Florida State is still in the College Football Playoff race
After their loss to Georgia Tech, Florida State has little wiggle room if they are to make the College Football Playoff — they have to win the ACC and run the table to stand a chance. Even if they do that there will be doubters — a loss to what has been a disappointing Georgia Tech team isn’t easily forgotten. Even with winning out, they likely need the rest of the season to play out in a particular way to overcome that damaging defeat.
Defense has been a staple for the Seminoles in 2015. Florida State is allowing just 16.1 points per game, 11th in the nation, and have yet to allow any opponent to reach 25 points. A number of players have really stood out on that side of the ball for the Seminoles — DT Nile Lawrence-Stample (+19.1 overall grade) and DE DeMarcus Walker (+16.2) particularly.
Offensively it’s been the Dalvin Cook show. In this season of stellar running back play, Florida State has one of the very best in Cook, who is tied for fourth in the nation among backs with a +20.5 overall grade. Cook is averaging 4.4 yards after contact, 13.6 yards after the catch, has forced 46 missed tackles for a 142.3 elusive rating, and is tied for second among Power-5 backs with a 64.9 breakaway percentage. In short he’s been outstanding.

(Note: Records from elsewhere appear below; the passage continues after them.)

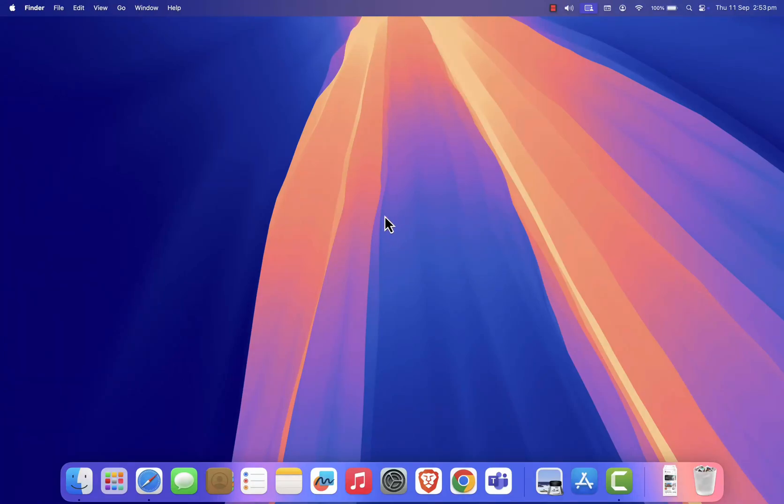Hey guys, in this tutorial I'll show you how to get CorelDraw for free on your Mac in just a few steps. Let's get started.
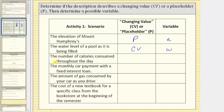Next we have the number of calories consumed throughout the day. Throughout the day as you eat food, the number of calories consumed increases. So if we use a variable for the number of calories consumed, because this value changes throughout the day, the variable would represent a changing value. Let's use the variable c to represent the calories consumed.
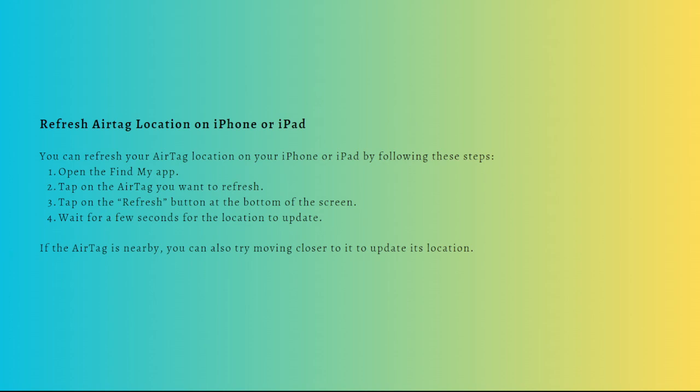In conclusion, refreshing your AirTag location is a simple process that can help you locate your lost items quickly. By following the steps mentioned, you can ensure that your AirTag is working properly and providing accurate location information.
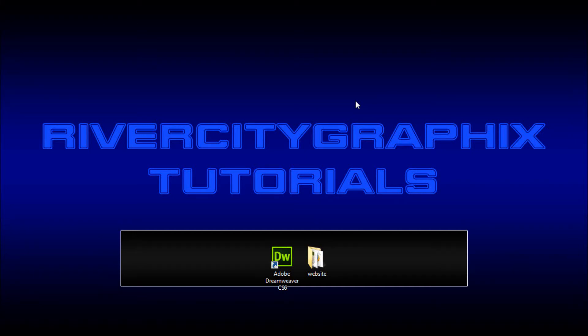Hey everyone, Kevin here from River City Graphics. Today I'm going to be showing you how to select objects and manipulate them using jQuery. So let's get started.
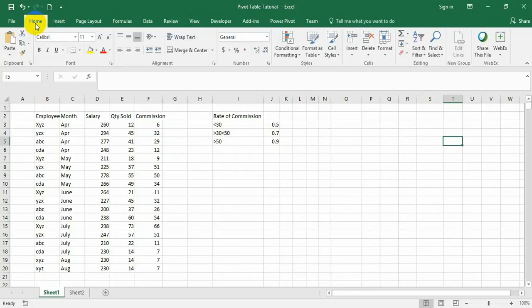We're going to discuss one of these hidden commands: the camera tool. It's very useful. The camera tool allows us to take a snapshot of any selected range of data, table, graph, etc., and paste it in a different location as a linked picture in Excel.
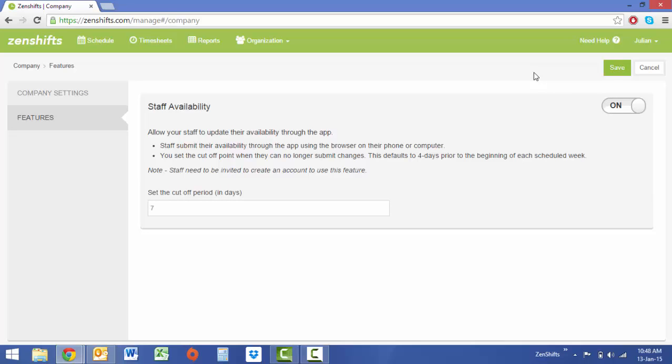Once you've switched availabilities on, you will notice that there is a cutoff period in days at the bottom. You set a cutoff period to prevent staff from entering in availabilities after you've started doing a roster. We've selected a cutoff of seven days, therefore no staff will be able to enter in availability through their mobile, tablet, or web app seven days prior to the beginning of the week you are rostering.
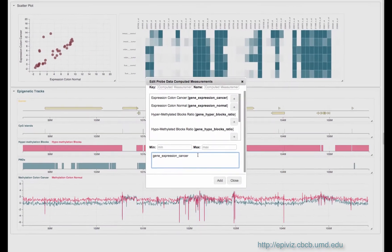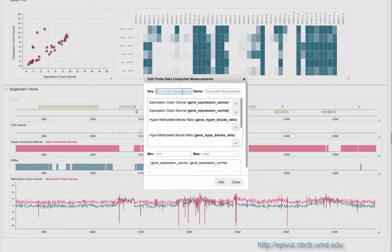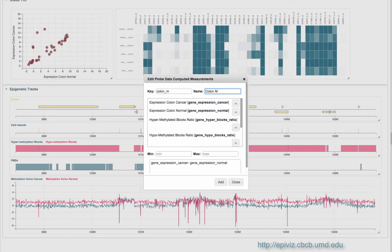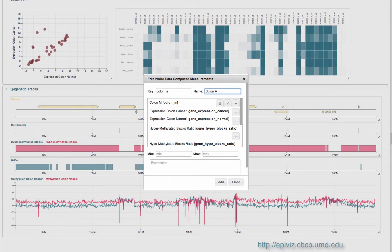That means we can define new measurements from existing data and display it alongside other data. For example, here we transform colon cancer expression data, so we can display the commonly used MA plot.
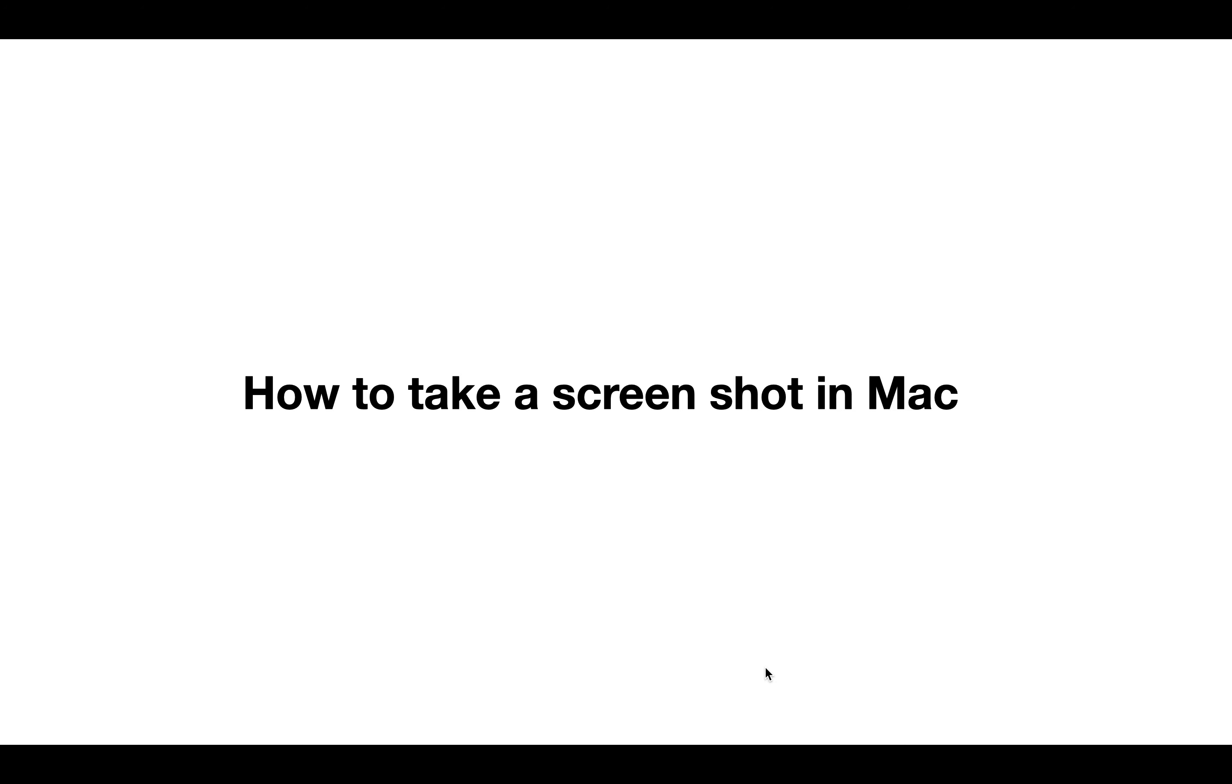Have you ever need to take a screenshot of something on your screen? Maybe it's an error, maybe it's just a graphic, but you need it. But how? It's really easy.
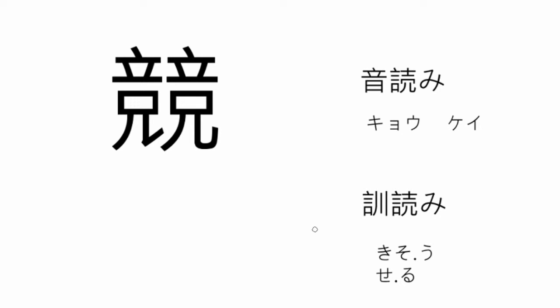The onyomi reading is kyou, like kyouei, competitive swimming, or kei, like keiba, horse racing. The kunyomi reading is the kiso from kisou, meaning to compete, or the se from seru, meaning to compete.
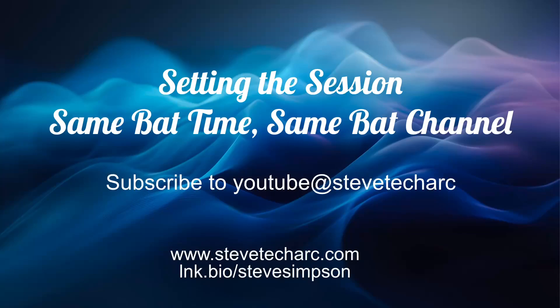So I hope you enjoyed setting the session. Join us again, same bat time, same bat channel. Subscribe to Steve Tech Arc YouTube channel and have a great day.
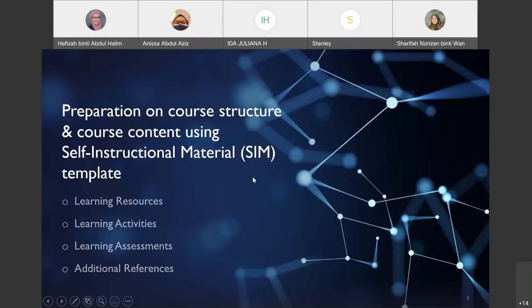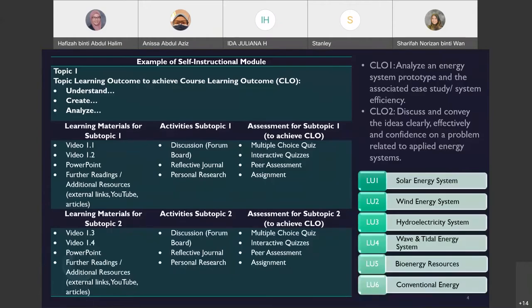We will go through an example of a self-instructional module which I shared with all of you in the invitation email last Monday. Here is the table of the self-instructional module. You may feel a little confused on how you want to put your course plan into your self-instructional module, so I will give you some examples.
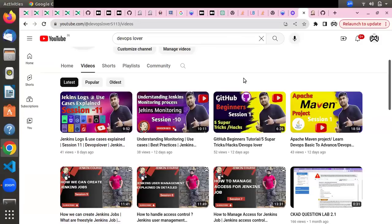Hello everyone, welcome to the DevOps Lever YouTube channel. In some previous videos we uploaded tutorials about learning Jenkins — you can learn Jenkins from scratch, set up Jenkins using Docker and Docker volumes, and start creating Jenkins jobs. After creating a Jenkins job, you can install multiple plugins, do multiple integrations, and configure jobs as per your requirement. We also covered how to check logs and create jobs.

Aside from Cook’s explosiveness, the Florida State offense is best described as efficient. QB Everett Golson’s interception against Georgia Tech was the Seminoles’ first turnover in 2015 — they entered that game as the only team in all of college football (812 teams) without a single turnover on offense. A remarkable stat when you combine Golson’s history with a starting offensive line without a single player grading positively in pass protection.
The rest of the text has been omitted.